§ **Assignment**: Repeat every record exactly, omitting the pictures.
---*---
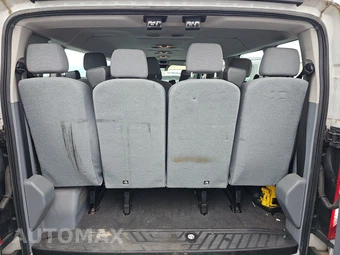 2017 Ford Transit 350 Passenger Wagon XLT w/RH Swing-Out Doors Low Roof 147.6" WB - miniatura 24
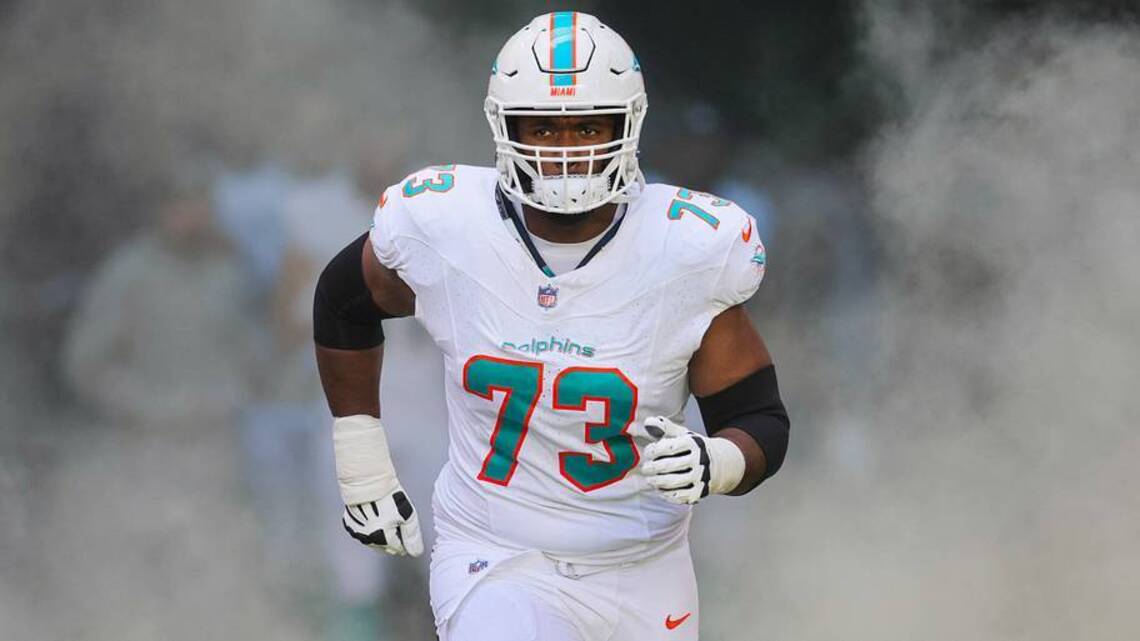 Breaking Down the Good and Bad Dolphins Injury News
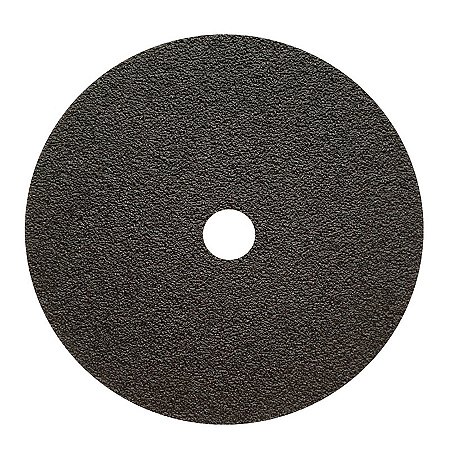 DISCO DE  FIBRA  DURITE F425 GRÃO 120  180X22MM- NORTON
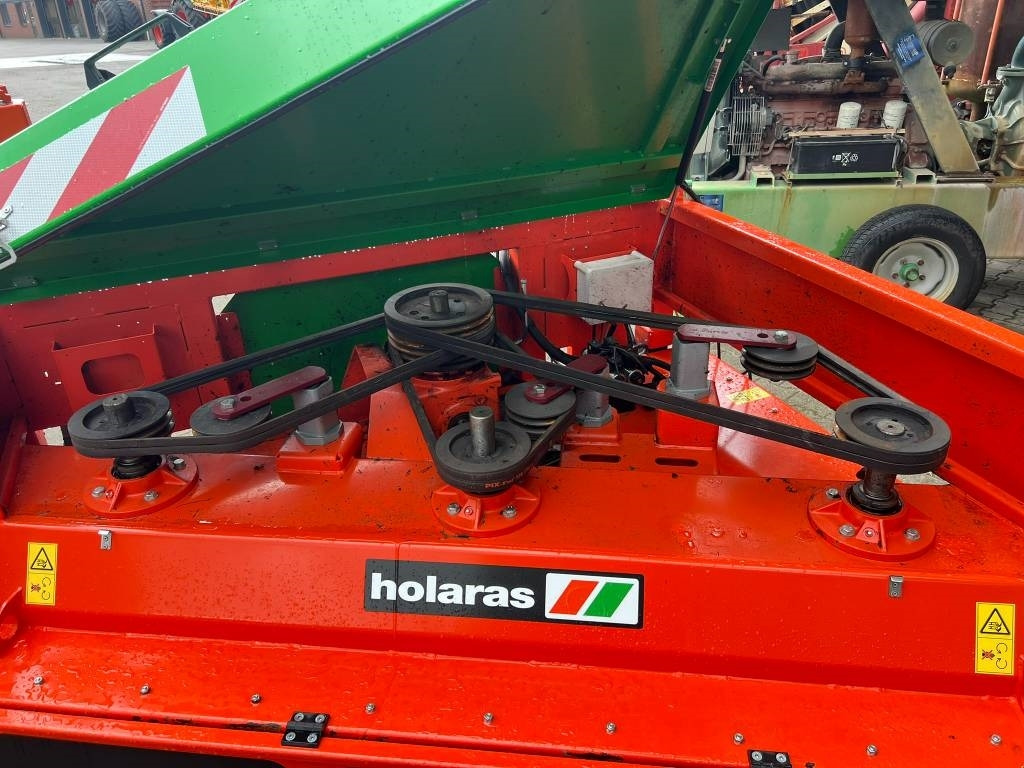 Broyeur de fanes Holaras UM180-f
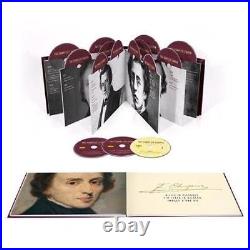 Frederic Chopin The Complete Chopin CD Deluxe Box Set with DVD 21 discs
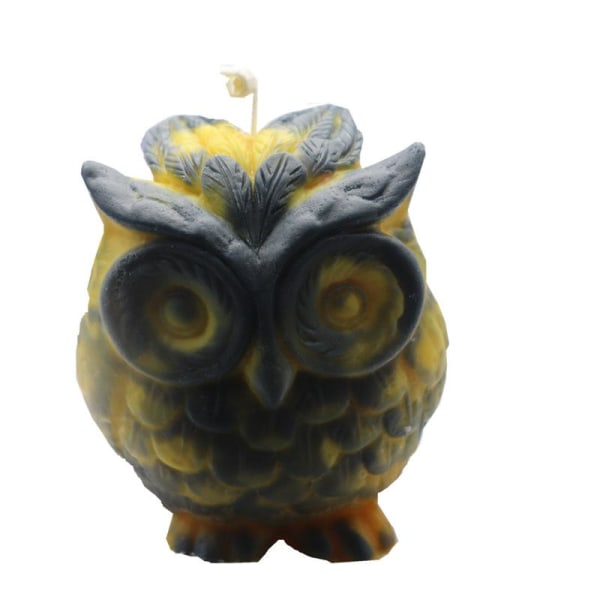 lysform lysforme DIY silikoneform lys 3D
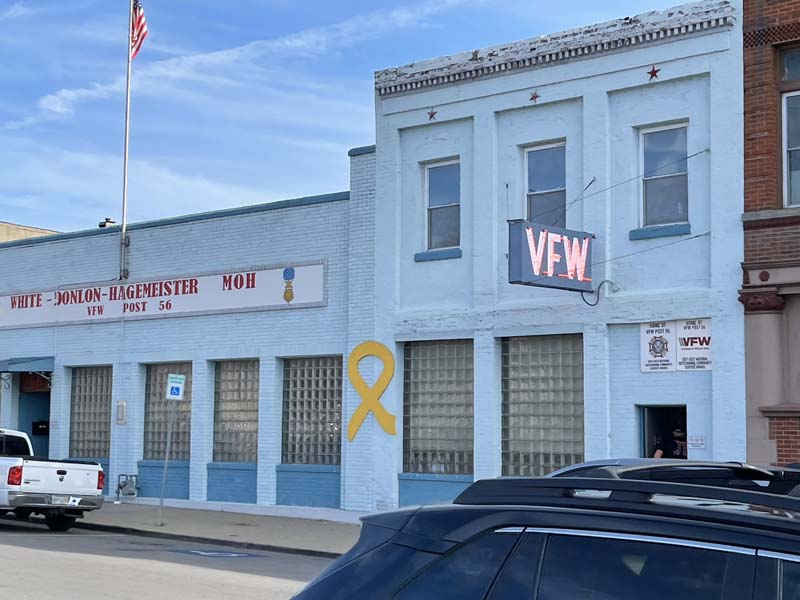 VFW Post # 56, Leavenworth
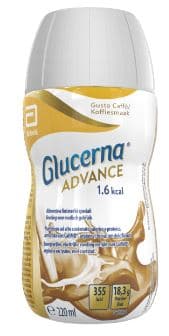 Glucerna Adv.1,6 Caffe'220ml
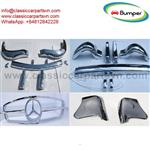 Mercedes 190SL W121 Roadster parts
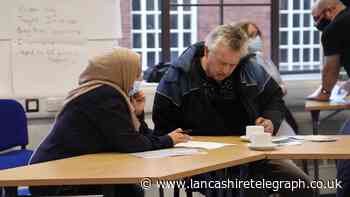 Weekly support group hosted at Blackburn Library for people struggling with long covid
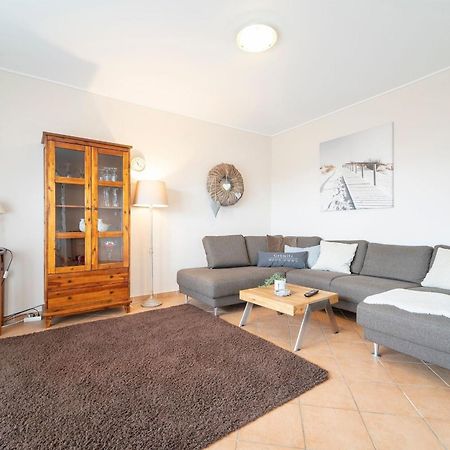 Апартаменты Haus Hasenkamp 26 Koje 1 Грёмиц Экстерьер фото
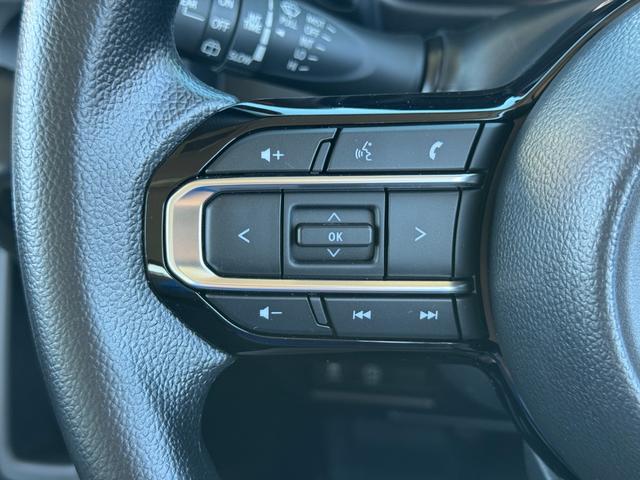 スペーシア ＨＹＢＲＩＤ　Ｘ　ＤＳＢＳＩＩ／ＡＣＣ／電動スライドドア　デュアルセンサーブレーキサポートＩＩ　アダプティブクルーズコントロール　電動スライドドア　電動パーキングブレーキ　オートライト　プッシュスタート　シートヒーター　オートエアコン　衝突被害軽減システム（34枚目）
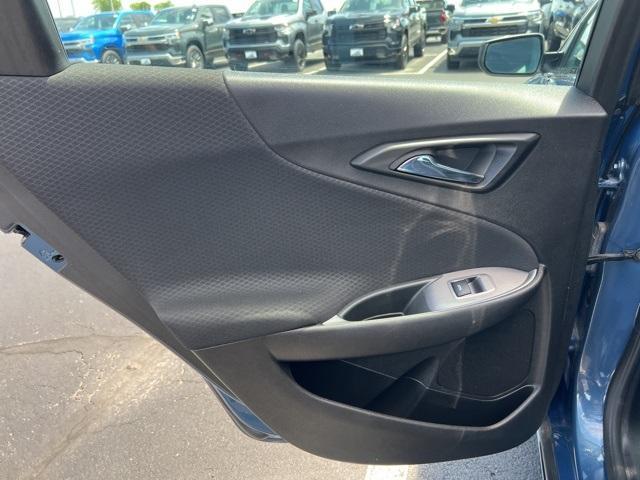 2024 Chevrolet Malibu Vehicle Photo in GREEN BAY, WI 54304-5303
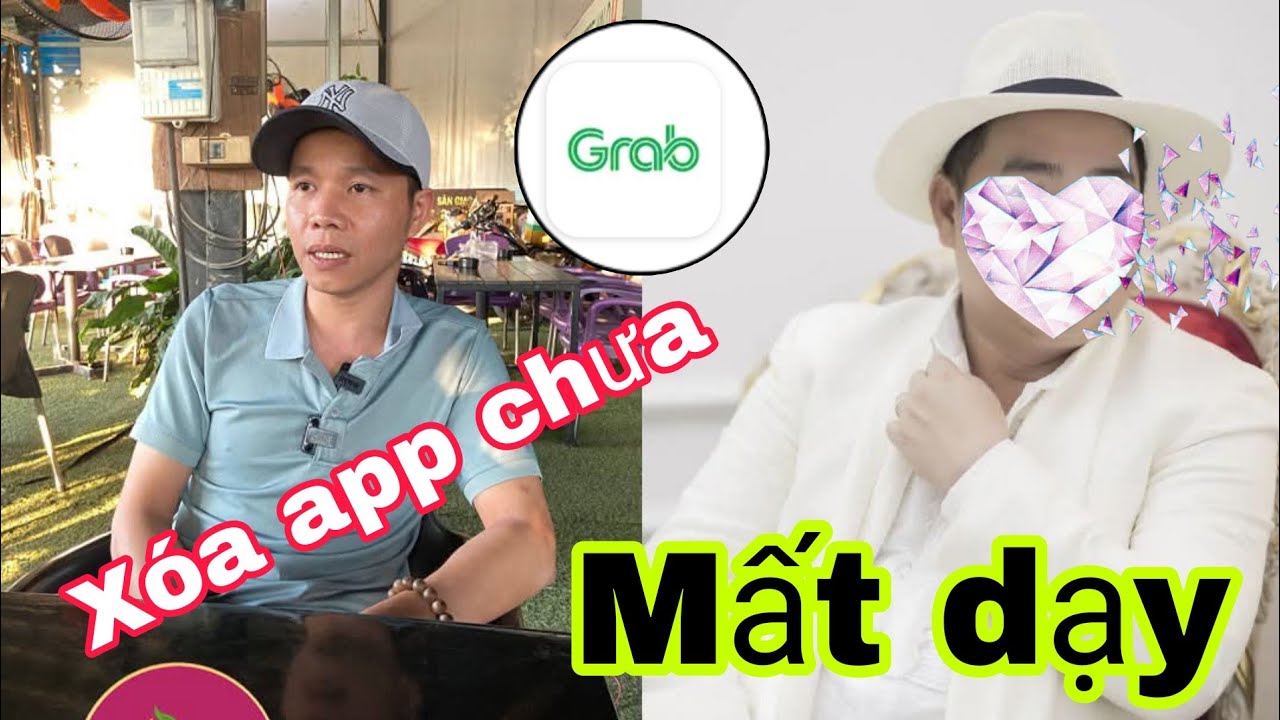Minh Khang và anh tài xế l bản chất của nó là côn đồ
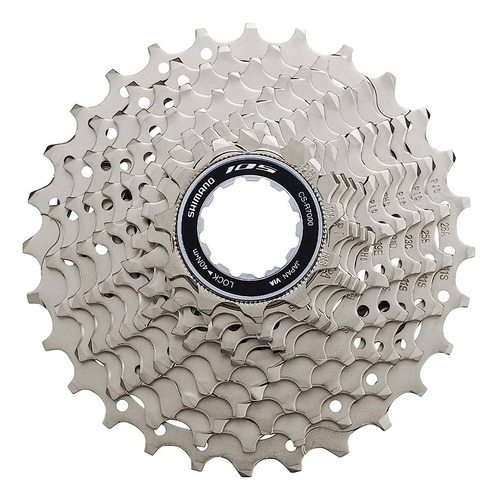 Cassette Shimano Cs-r7000 105 11/28 11v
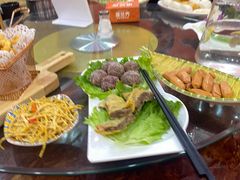 -塔兰齐新疆孜然火锅(鲤鱼山路店)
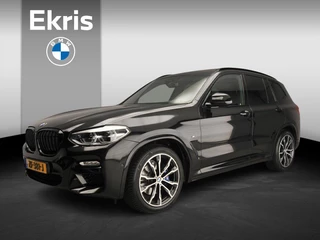BMW X3 xDrive30i | M-Sportpakket | LED | Leder | HUD | Schuifdak | Sportstoelen | DAB | Harman-kardon sound | Alu 20 inch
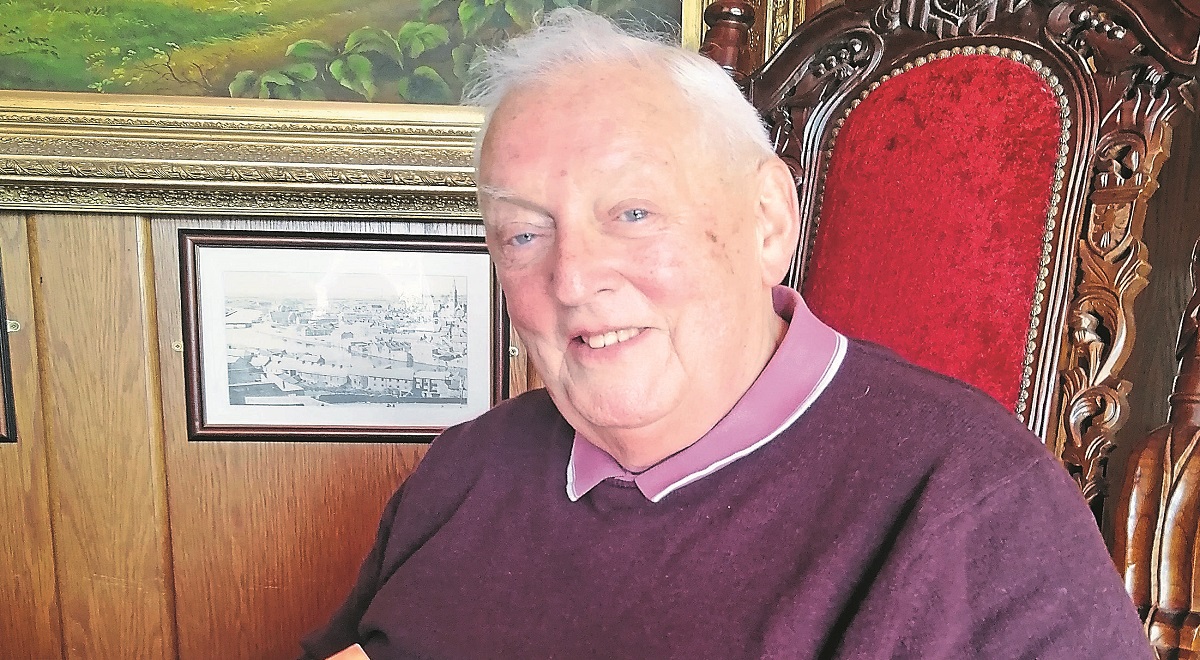 Omagh author releases new fictional publication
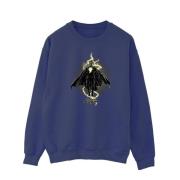 DC Comics Heren zwart adam zwevende bout sweatshirt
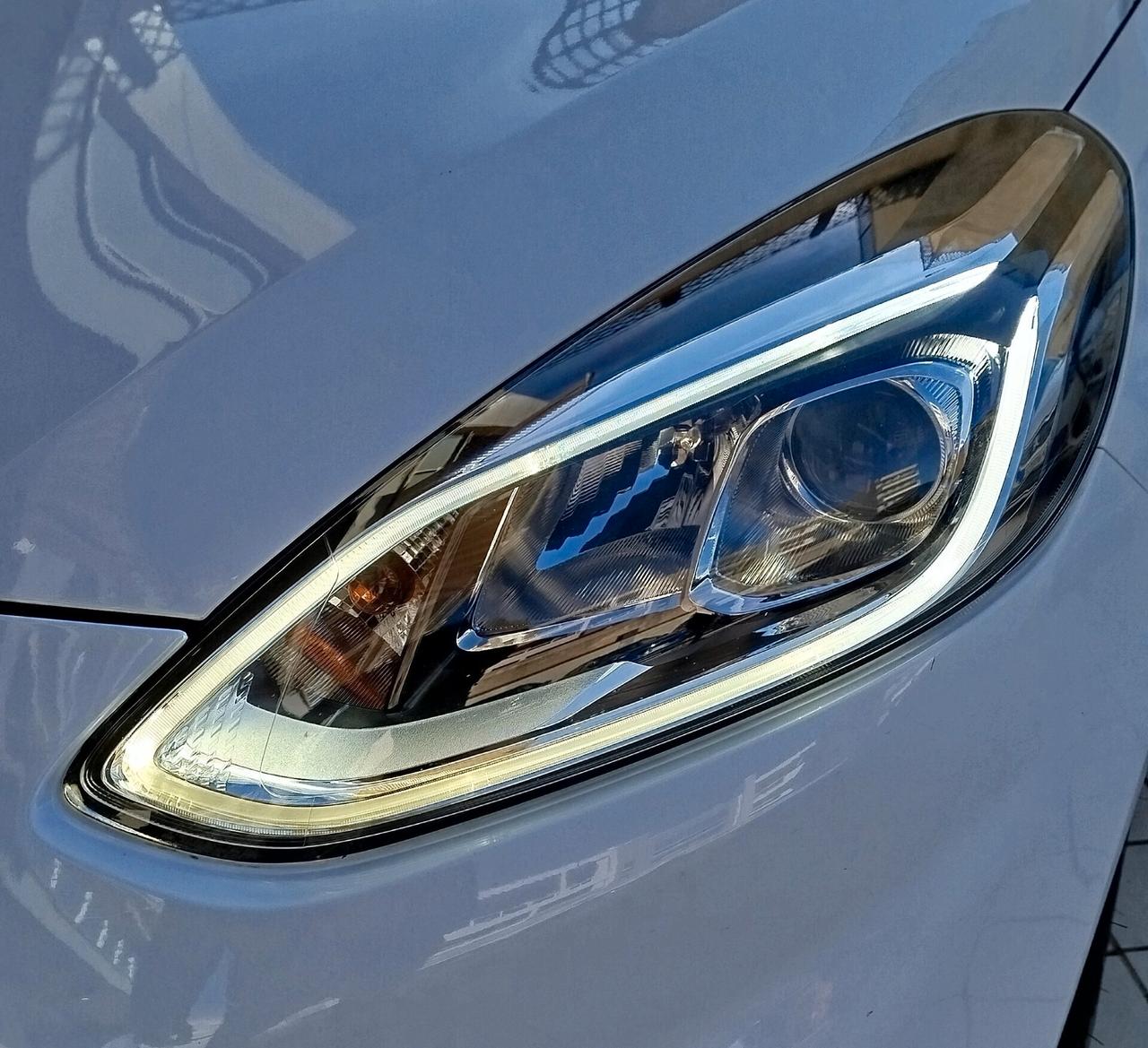 Ford Fiesta 1.1 85 CV 5 porte ST-Line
---*---
§ **Solution to the exercise**:
 2017 Ford Transit 350 Passenger Wagon XLT w/RH Swing-Out Doors Low Roof 147.6" WB - miniatura 24
 Breaking Down the Good and Bad Dolphins Injury News
 DISCO DE  FIBRA  DURITE F425 GRÃO 120  180X22MM- NORTON
 Broyeur de fanes Holaras UM180-f
 Frederic Chopin The Complete Chopin CD Deluxe Box Set with DVD 21 discs
 lysform lysforme DIY silikoneform lys 3D
 VFW Post # 56, Leavenworth
 Glucerna Adv.1,6 Caffe'220ml
 Mercedes 190SL W121 Roadster parts
 Weekly support group hosted at Blackburn Library for people struggling with long covid
 Апартаменты Haus Hasenkamp 26 Koje 1 Грёмиц Экстерьер фото
 スペーシア ＨＹＢＲＩＤ　Ｘ　ＤＳＢＳＩＩ／ＡＣＣ／電動スライドドア　デュアルセンサーブレーキサポートＩＩ　アダプティブクルーズコントロール　電動スライドドア　電動パーキングブレーキ　オートライト　プッシュスタート　シートヒーター　オートエアコン　衝突被害軽減システム（34枚目）
 2024 Chevrolet Malibu Vehicle Photo in GREEN BAY, WI 54304-5303
Minh Khang và anh tài xế l bản chất của nó là côn đồ
 Cassette Shimano Cs-r7000 105 11/28 11v
 -塔兰齐新疆孜然火锅(鲤鱼山路店)
BMW X3 xDrive30i | M-Sportpakket | LED | Leder | HUD | Schuifdak | Sportstoelen | DAB | Harman-kardon sound | Alu 20 inch
 Omagh author releases new fictional publication
 DC Comics Heren zwart adam zwevende bout sweatshirt
 Ford Fiesta 1.1 85 CV 5 porte ST-Line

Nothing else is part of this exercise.